The future of technical and professional education: joining up the dots

By Tami McCrone

Friday 20 May 2016

The Learning and Skills Research Network (LSRN) workshop held last week on the future of technical and professional education was as current, relevant and thought-provoking as ever.

The discussion made a very worthwhile contribution to joining up the dots and it was stimulating and certainly tackled some of the challenges surrounding technical and professional education such as data, curriculum, pedagogy and qualifications, and institutional and structural issues.

Speakers included Ann-Marie Bathmaker (University of Birmingham), Richard Boniface (RCU Ltd), Ewart Keep (Oxford University), Kevin Orr University of Huddersfield), and David Corke (Association of Colleges).

I look forward to the summary of the discussions.

There is much current commentary on the subject of technical and professional education such as the recent article in FE Week that starts by claiming:

The first skills white paper in a decade will bring an end to mixed provision and make 16-year-olds choose between academic courses leading to university or a new technical professional education (TPE) route into work, FE Week can exclusively reveal.

And, of course, in addition to the forthcoming white paper, we all await the output from the independent expert panel headed up by former Minister of Science and Innovation Lord Sainsbury, which is made up of experts from industry and further and higher education and whose delayed report on technical and professional education is expected later this year.

So where to now for young people – of all abilities – who do not want to do A Levels and do not want to study academic subjects at university? Will they and their parents instantly take up these new technical and professional routes?

One thing I know with certainty (because there is plenty of underpinning evidence) is that if we want our young people to make sound decisions that lead them to employment that they want to get out of bed to do every morning, they need to be informed about the world of work and all available routes to employment. They need to understand themselves better, their strengths and weaknesses, how to make decisions, and they need to be able to discuss their options with adults who understand all the current routes into employment. And they need to meet employers.

Who remembers the 14–19 Diplomas? The findings from the NFER national evaluation of the implementation and delivery of Diplomas still makes good reading now. The Diplomas offered 14 distinct vocational routes to 14-year-olds as an alternative to academic routes. As the following key finding illustrates, it is a complex business introducing new routes and qualifications:

The evaluation found that the information advice and guidance (IAG) provided to learners could be improved to ensure that they understand the [Diploma] programme and are equipped to make an informed decision about their choices. There was evidence that staff knowledge of the Diploma and their ability to provide information to learners was inadequate. There was a lack of consistency across institutions with regard to IAG.

Learners appeared generally satisfied with their Diploma course. However, there was some evidence to suggest that it had not always met expectations, for example, the lower than expected amount of practical activities and the higher than expected level of challenge of the functional skills examinations.

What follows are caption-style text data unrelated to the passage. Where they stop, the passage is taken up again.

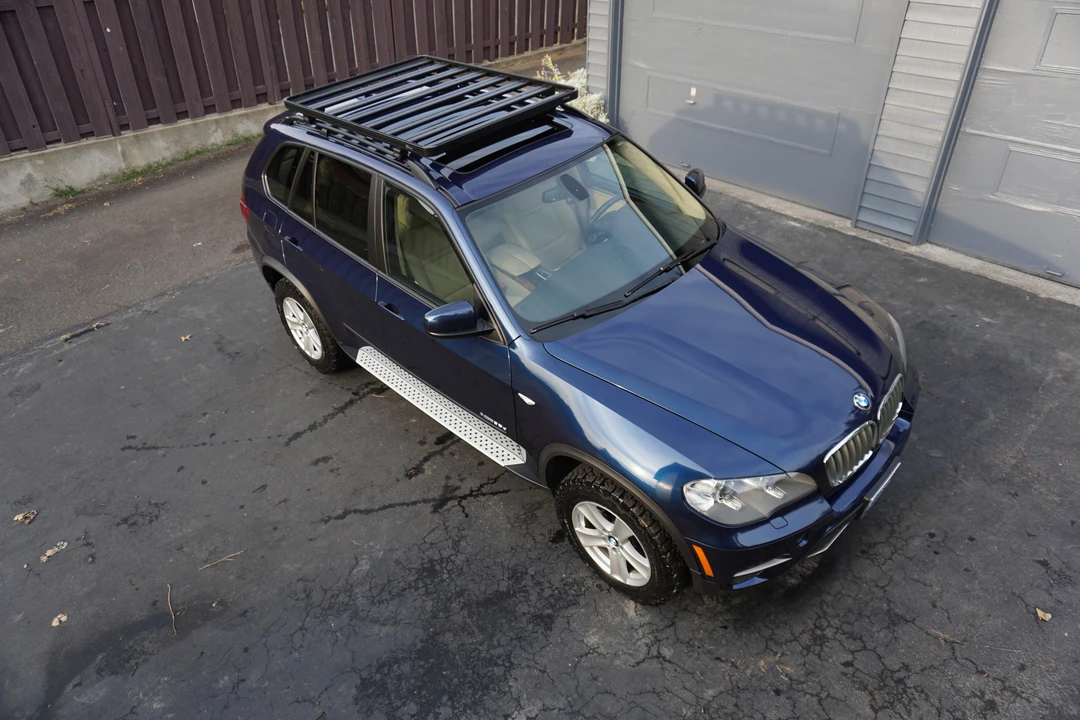 2012 BMW E70 X5 - Image 26 of 31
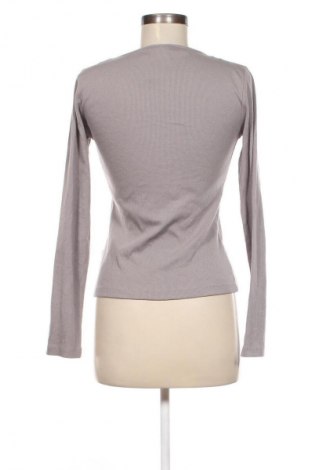 Damen Shirt Nly Trend, Größe M, Farbe Grau, Preis € 4,99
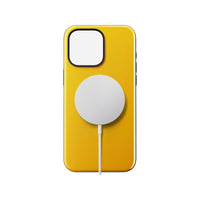 Thumbnail for Nomad Sport Case for iPhone 15 Pro Max - Racing Yellow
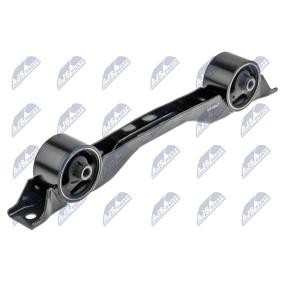Comprar Soporte de motor de NTY ZPS-MS-075 a bajo precio de 51,12 €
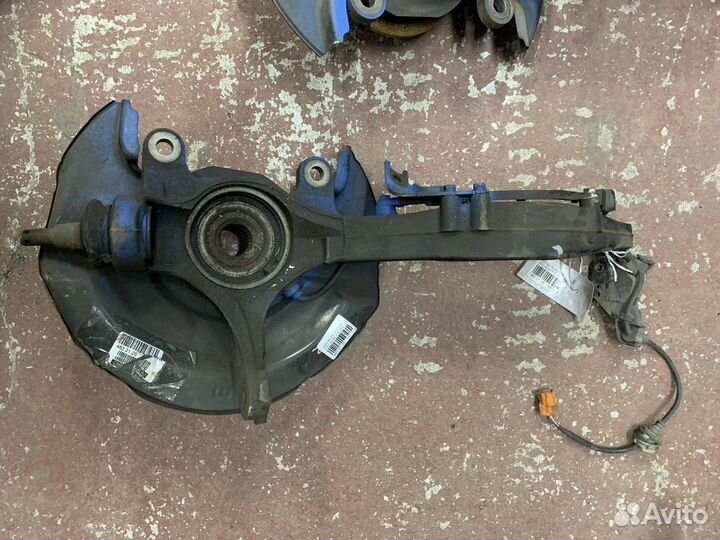 Ступица передняя Honda Elysion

Whatever the outcome of the Sainsbury review and whatever is in the skills paper, what is certain is that the new technical and professional routes will not succeed unless they are introduced appropriately. I suggest that they are introduced in a timely manner so that there is widespread understanding of the routes by young people, parents, teachers providing guidance to young people, subject teachers (of all stages) and employers. Young people will need to understand the content of the course, the learning styles (e.g. how much is academic or theoretical and how much is more vocational or applied in nature), the location(s) of learning the method(s) of assessment, and subsequent progression routes. The role of the school in this is critical as demonstrated in this evidence-informed paper presented at the 2012 Edge conference:

Schools can make a difference to the content and types of careers information available to young people, the mechanisms and stages of delivery of guidance and to further informing the people from whom young people receive careers guidance. As young people are aware of the content, learning styles, location of learning and subsequent progression routes from A Levels, so they are entitled to have this information about technical, practical and vocational education and training courses, such as apprenticeships.

Clearly the role of employers is also important and recent research has illustrated the impact that careers guidance and employer input has on young people’s future earnings. The evidence draws on the British Cohort Study 1970 and investigated the link between career talks by external speakers and employment outcomes, and finds some evidence that young people who participated in more career talks at age 14–16 enjoyed a wage premium 10 years later at age 26.

So new technical and professional routes for young people – great!

But let’s just make sure that this time the introduction of them is not rushed, that there is widespread understanding of them and that one very important dot that is joined up is careers education and guidance so young people can make informed decisions.